> **Task instructions**
Whatever appears in the records should be given again exactly, down to the last mark.

◆ ◆ ◆ ◆ ◆ ◆ ◆

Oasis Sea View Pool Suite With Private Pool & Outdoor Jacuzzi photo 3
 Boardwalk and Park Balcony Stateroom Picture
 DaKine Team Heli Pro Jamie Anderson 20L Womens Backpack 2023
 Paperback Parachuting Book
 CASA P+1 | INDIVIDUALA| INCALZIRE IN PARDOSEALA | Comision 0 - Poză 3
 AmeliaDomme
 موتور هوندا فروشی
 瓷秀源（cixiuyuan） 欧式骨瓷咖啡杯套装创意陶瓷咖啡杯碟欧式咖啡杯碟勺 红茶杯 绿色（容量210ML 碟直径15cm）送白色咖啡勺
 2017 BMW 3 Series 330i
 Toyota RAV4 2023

◆ ◆ ◆ ◆ ◆ ◆ ◆

> **Exercise result**
Oasis Sea View Pool Suite With Private Pool & Outdoor Jacuzzi photo 3
 Boardwalk and Park Balcony Stateroom Picture
 DaKine Team Heli Pro Jamie Anderson 20L Womens Backpack 2023
 Paperback Parachuting Book
 CASA P+1 | INDIVIDUALA| INCALZIRE IN PARDOSEALA | Comision 0 - Poză 3
 AmeliaDomme
 موتور هوندا فروشی
 瓷秀源（cixiuyuan） 欧式骨瓷咖啡杯套装创意陶瓷咖啡杯碟欧式咖啡杯碟勺 红茶杯 绿色（容量210ML 碟直径15cm）送白色咖啡勺
 2017 BMW 3 Series 330i
 Toyota RAV4 2023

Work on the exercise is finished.